WHAT THIS TASK INVOLVES - Would you return exactly the lines below from the line with "韦博英语雷暴 员工:公司已经没钱了" through the line with "Mark Voakes (EHC", both included, and nothing else, leaving out the pictures?

*** Opening EXERCISE INPUTS ***

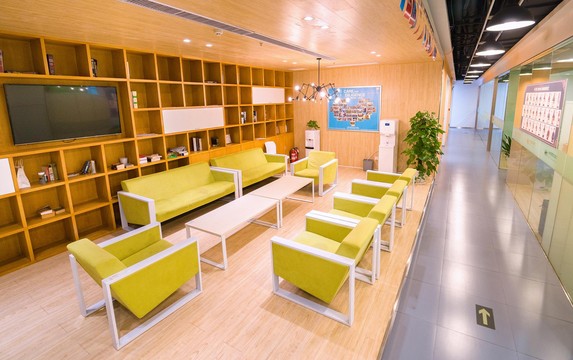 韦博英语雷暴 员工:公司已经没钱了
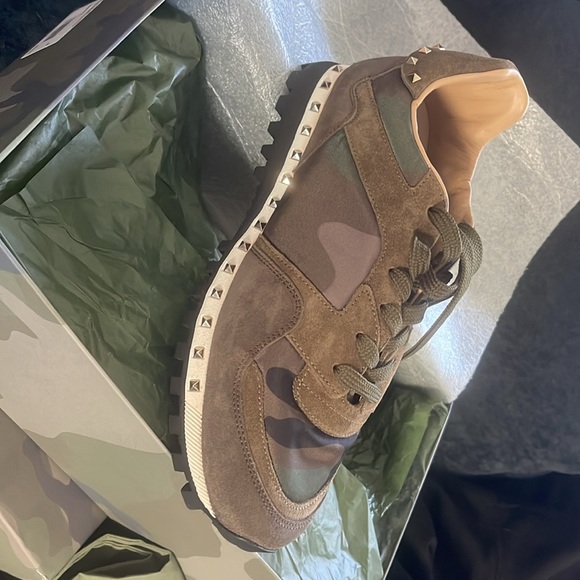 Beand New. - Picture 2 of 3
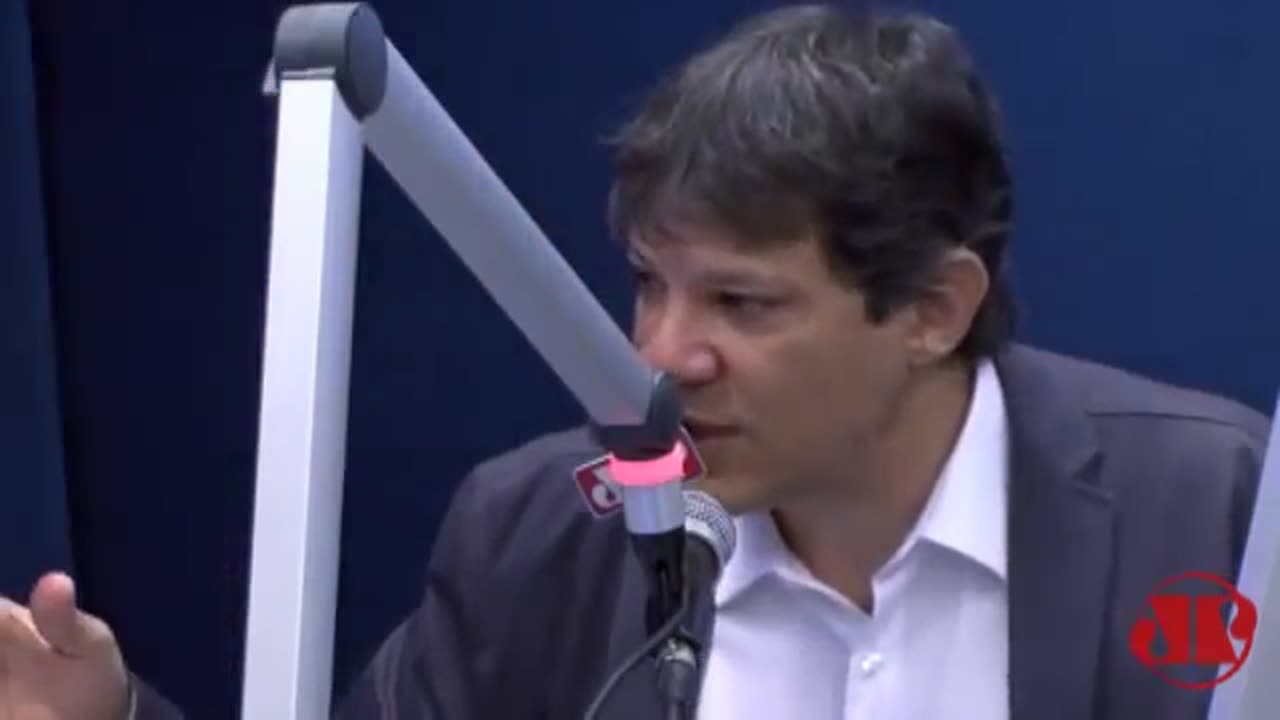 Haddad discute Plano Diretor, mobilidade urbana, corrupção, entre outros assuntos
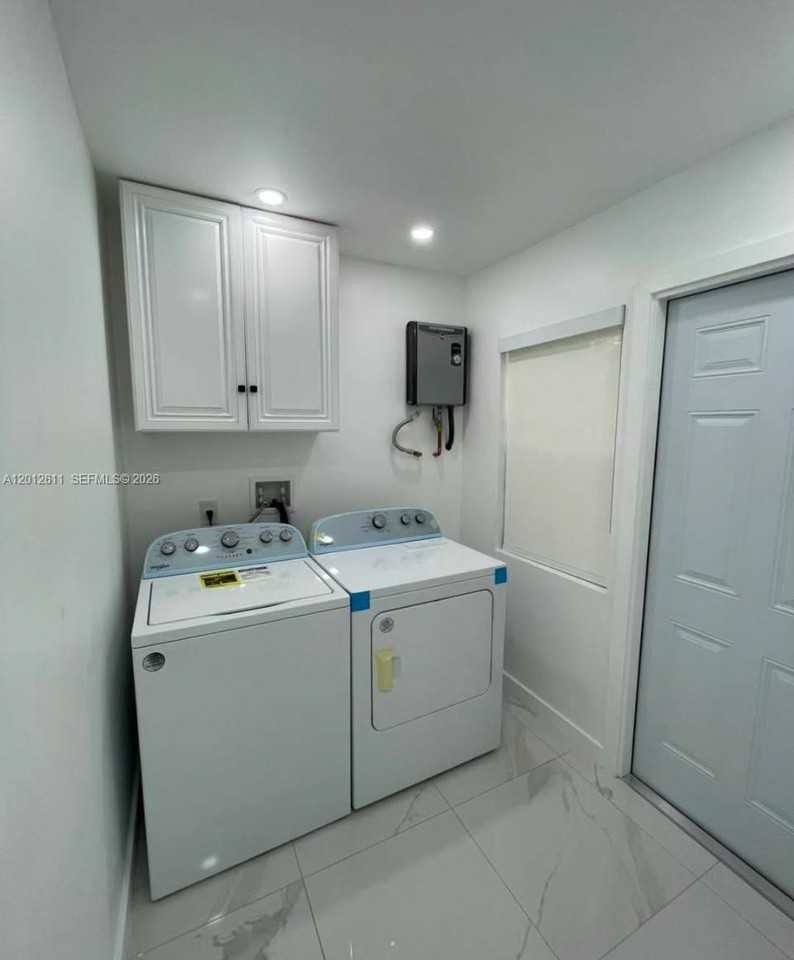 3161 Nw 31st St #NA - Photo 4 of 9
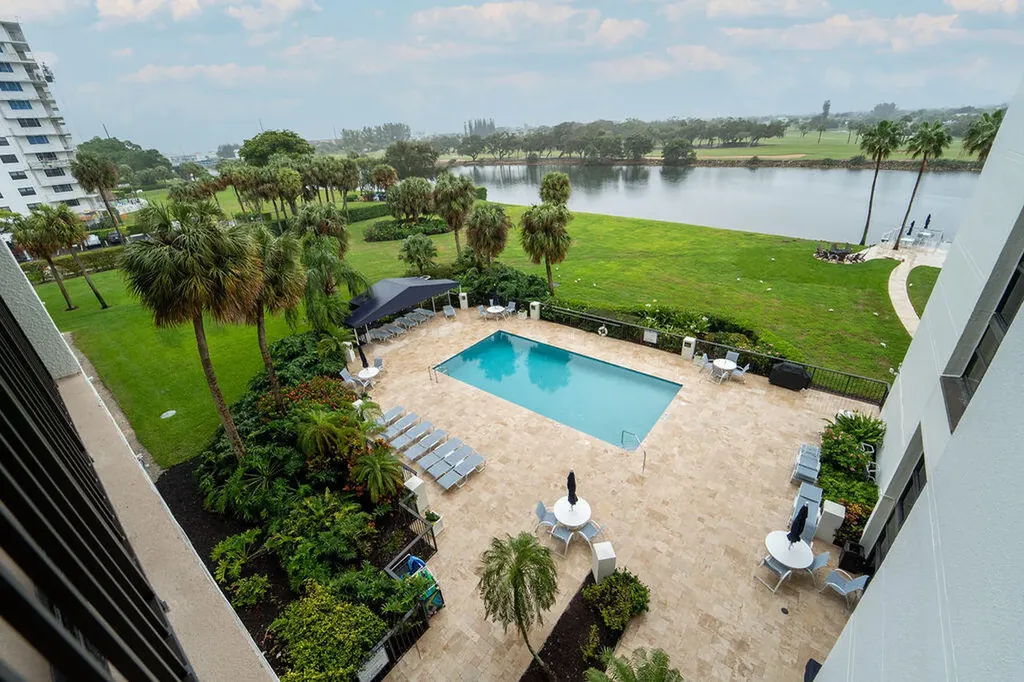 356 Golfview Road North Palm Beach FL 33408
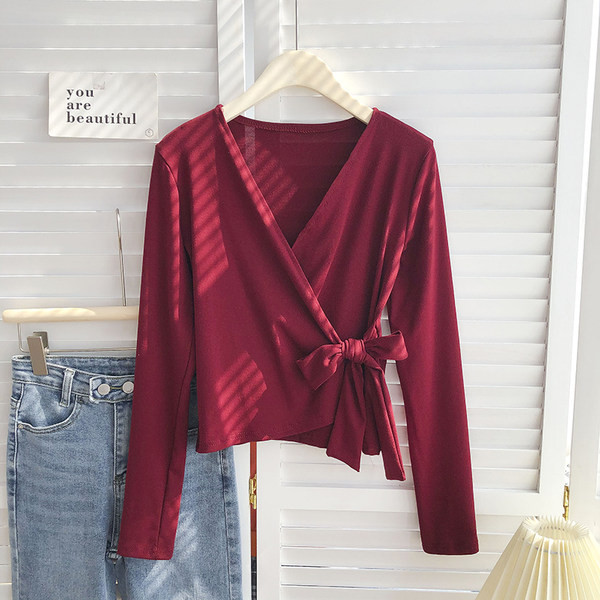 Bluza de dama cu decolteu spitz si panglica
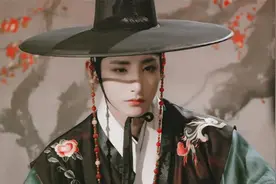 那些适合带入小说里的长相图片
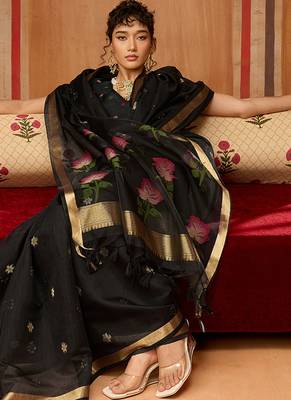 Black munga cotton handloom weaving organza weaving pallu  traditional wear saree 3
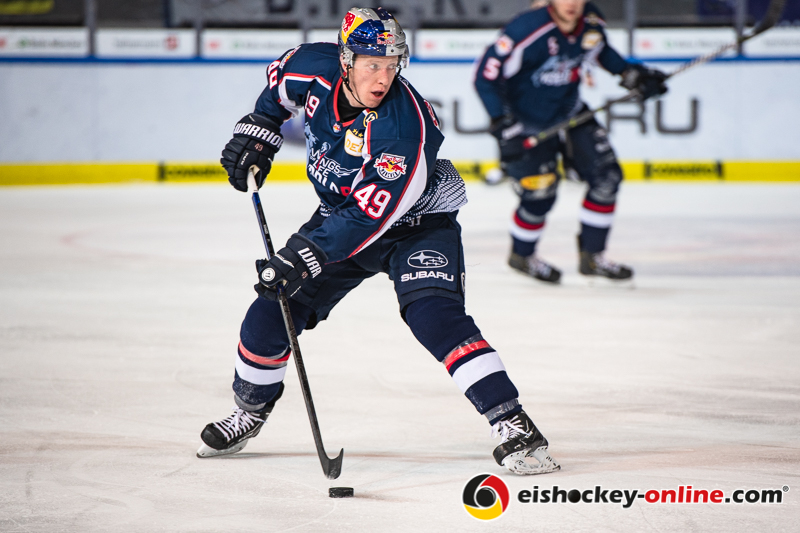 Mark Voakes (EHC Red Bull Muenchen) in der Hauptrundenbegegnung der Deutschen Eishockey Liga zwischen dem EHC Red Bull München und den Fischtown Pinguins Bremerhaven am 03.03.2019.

*** Closing EXERCISE INPUTS ***
*** Opening EXERCISE INPUTS ***

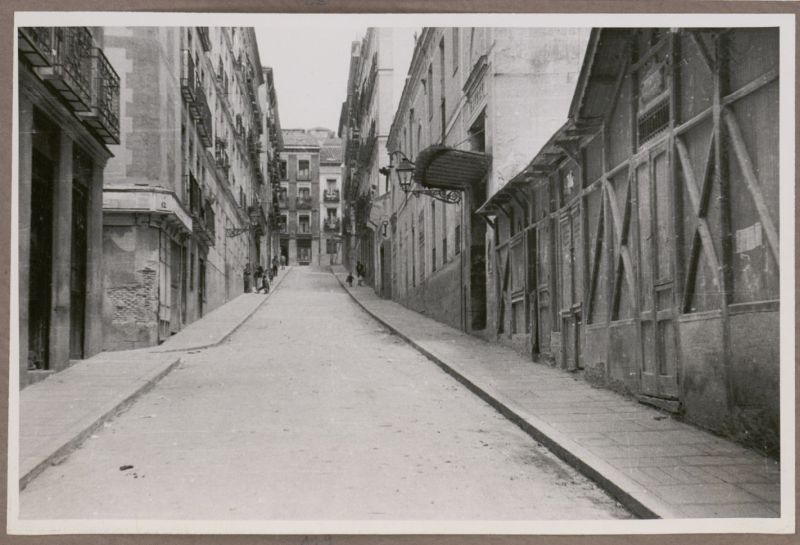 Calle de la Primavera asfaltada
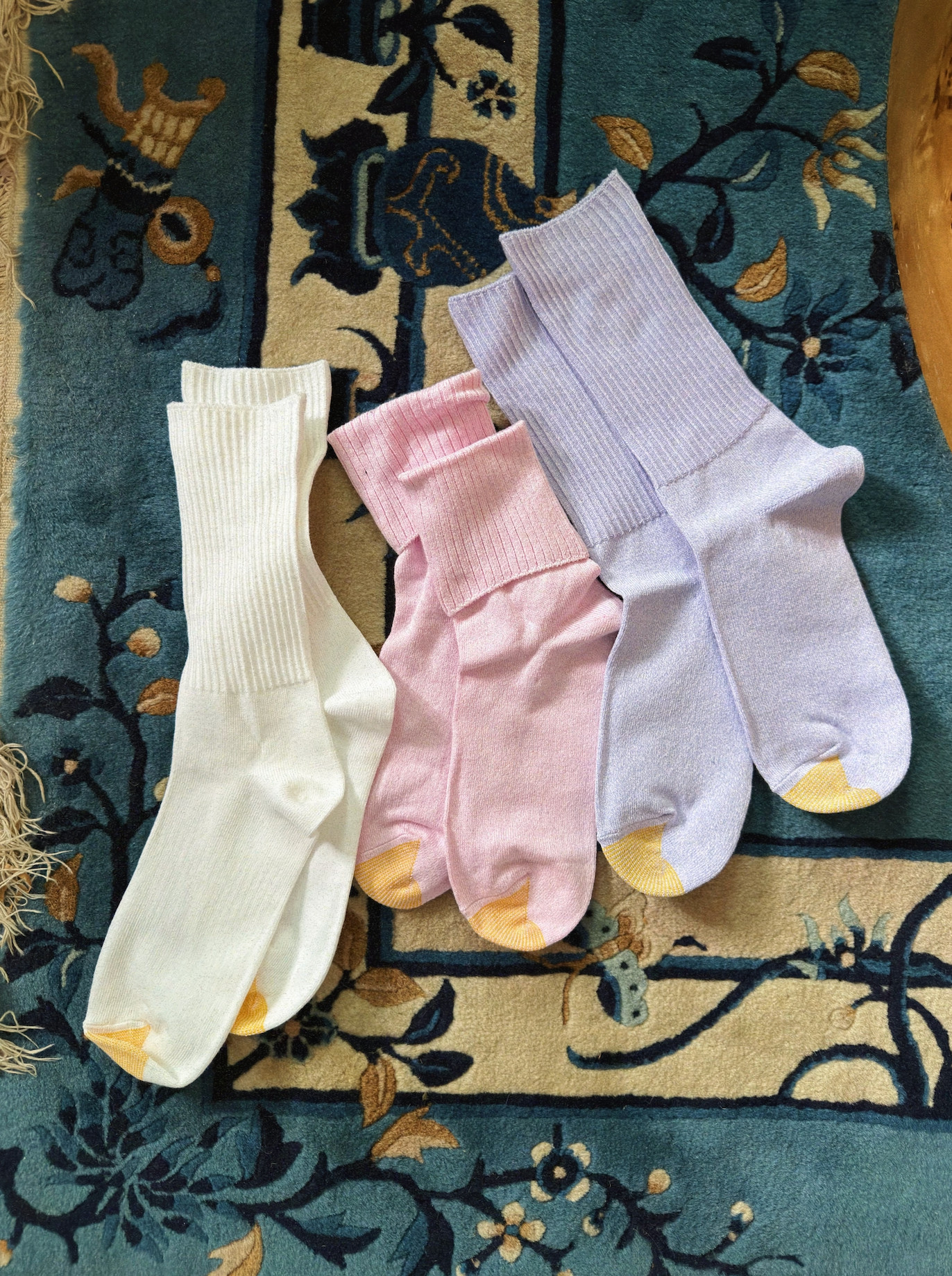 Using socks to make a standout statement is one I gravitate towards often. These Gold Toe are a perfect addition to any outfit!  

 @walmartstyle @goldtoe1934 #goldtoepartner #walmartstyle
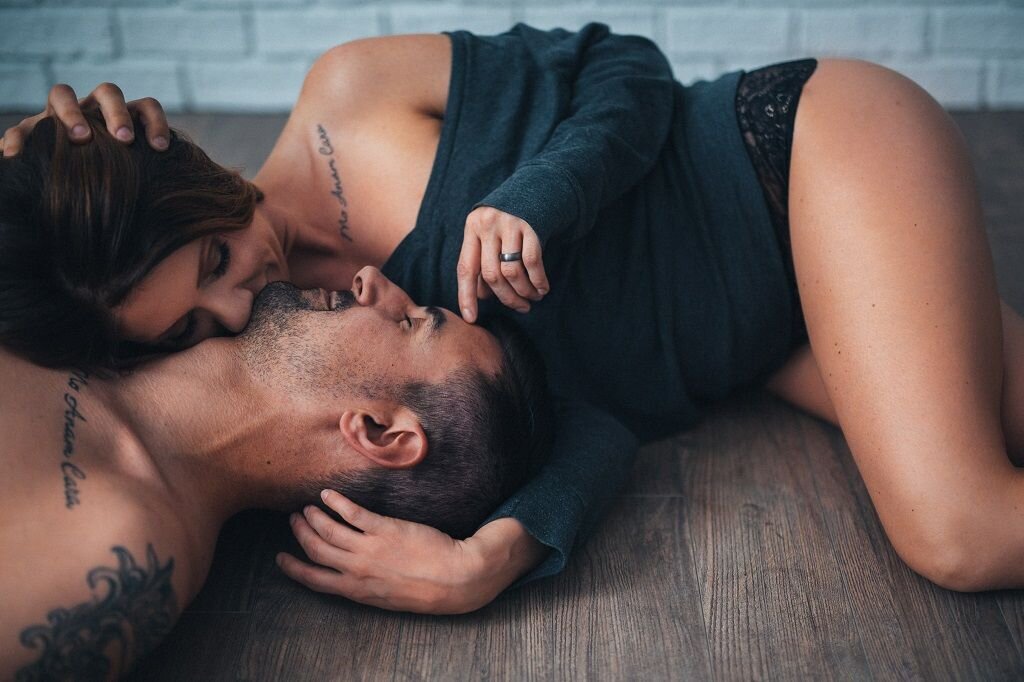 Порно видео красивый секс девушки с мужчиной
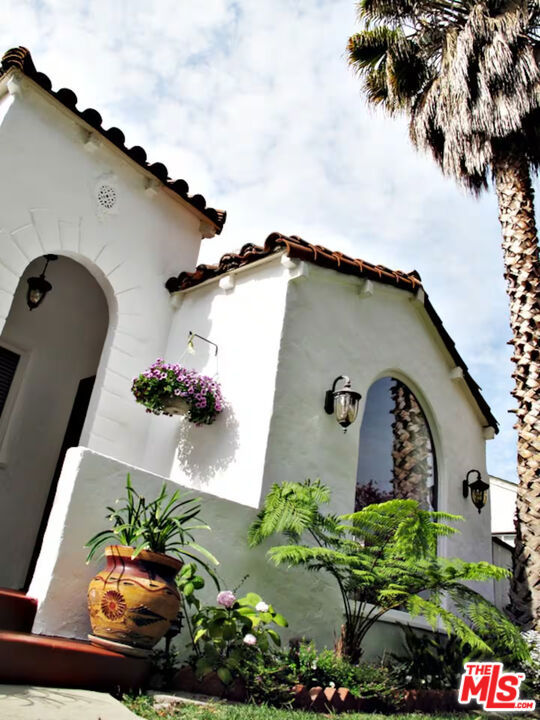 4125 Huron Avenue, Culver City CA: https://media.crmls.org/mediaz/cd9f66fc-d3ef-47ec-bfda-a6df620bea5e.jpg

*** Closing EXERCISE INPUTS ***

THE COMPLETED TASK -
 韦博英语雷暴 员工:公司已经没钱了
 Beand New. - Picture 2 of 3
 Haddad discute Plano Diretor, mobilidade urbana, corrupção, entre outros assuntos
 3161 Nw 31st St #NA - Photo 4 of 9
 356 Golfview Road North Palm Beach FL 33408
 Bluza de dama cu decolteu spitz si panglica
 那些适合带入小说里的长相图片
 Black munga cotton handloom weaving organza weaving pallu  traditional wear saree 3
 Mark Voakes (EHC Red Bull Muenchen) in der Hauptrundenbegegnung der Deutschen Eishockey Liga zwischen dem EHC Red Bull München und den Fischtown Pinguins Bremerhaven am 03.03.2019.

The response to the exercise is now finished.